### Data block
==========

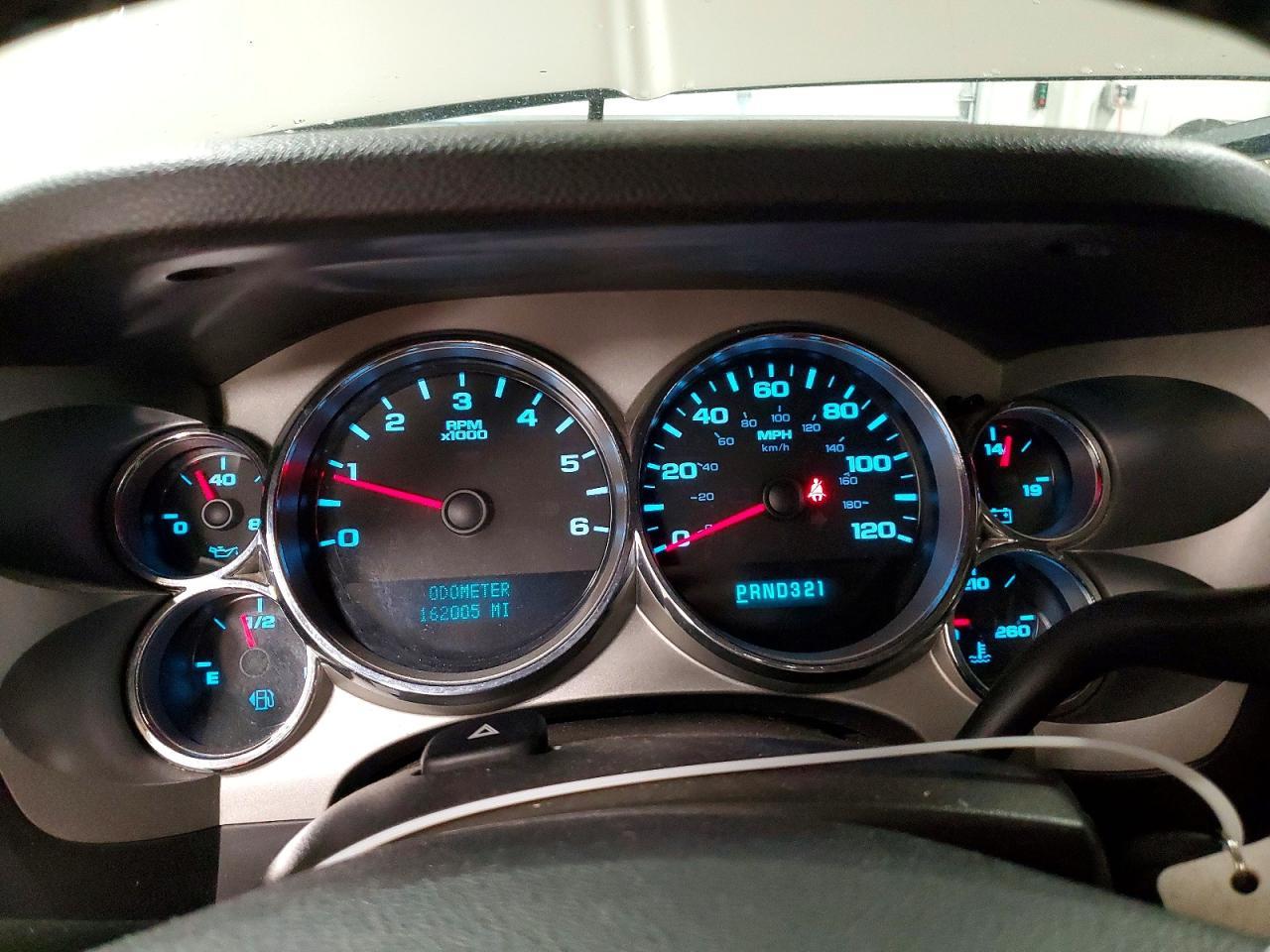 2007 CHEVROLET Silverado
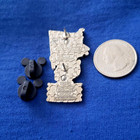 Wdw - Figment - Epcot Food And Wine 2023 - Passholder Disney Pin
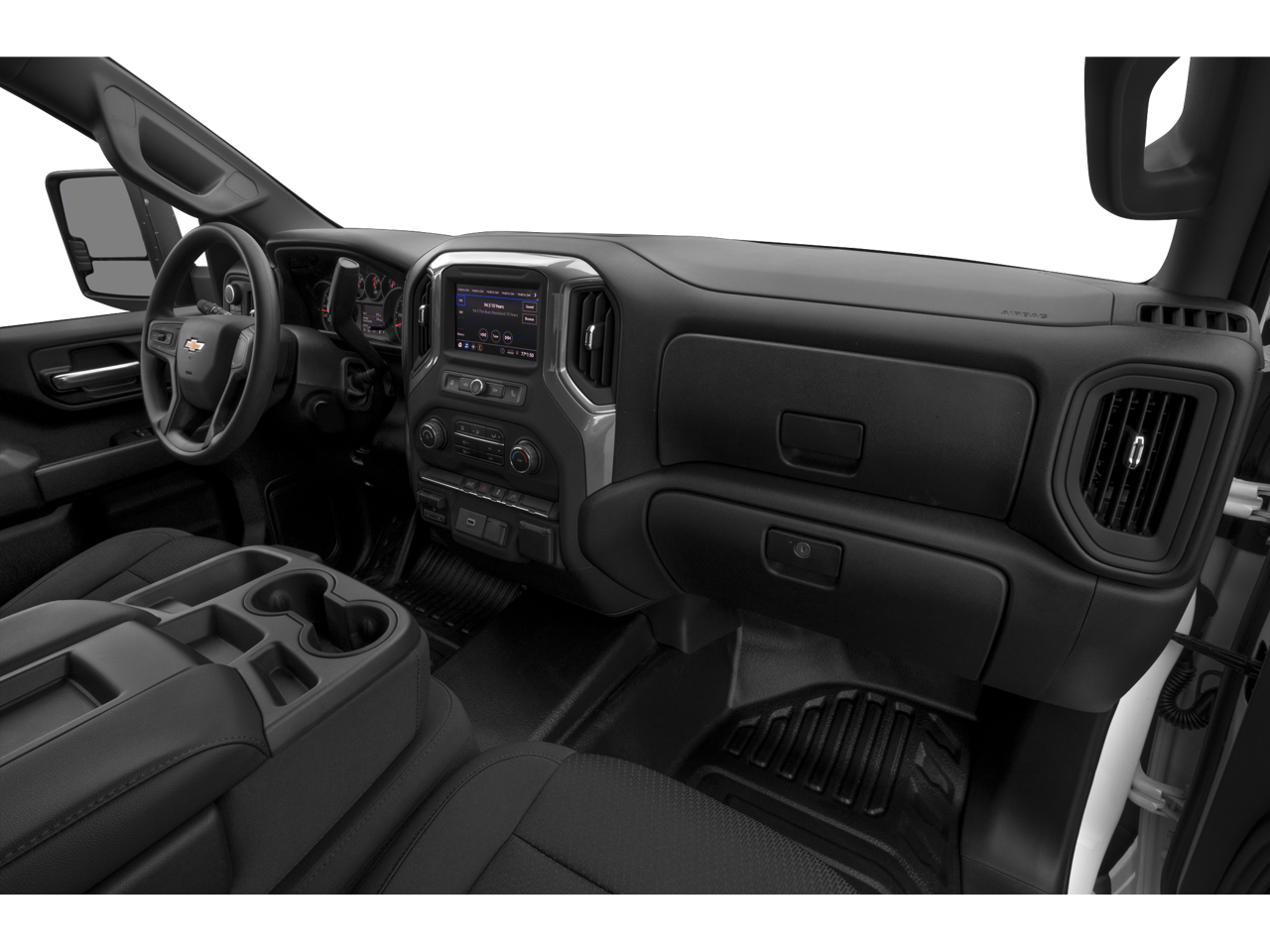 2022 Chevrolet Silverado 2500 HD Base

==========

### Work required
From the line that contains "Wdw - Figment" to the end of the listing, give every line again exactly as written. Leave the pictures out.

### Expected output
 Wdw - Figment - Epcot Food And Wine 2023 - Passholder Disney Pin
 2022 Chevrolet Silverado 2500 HD Base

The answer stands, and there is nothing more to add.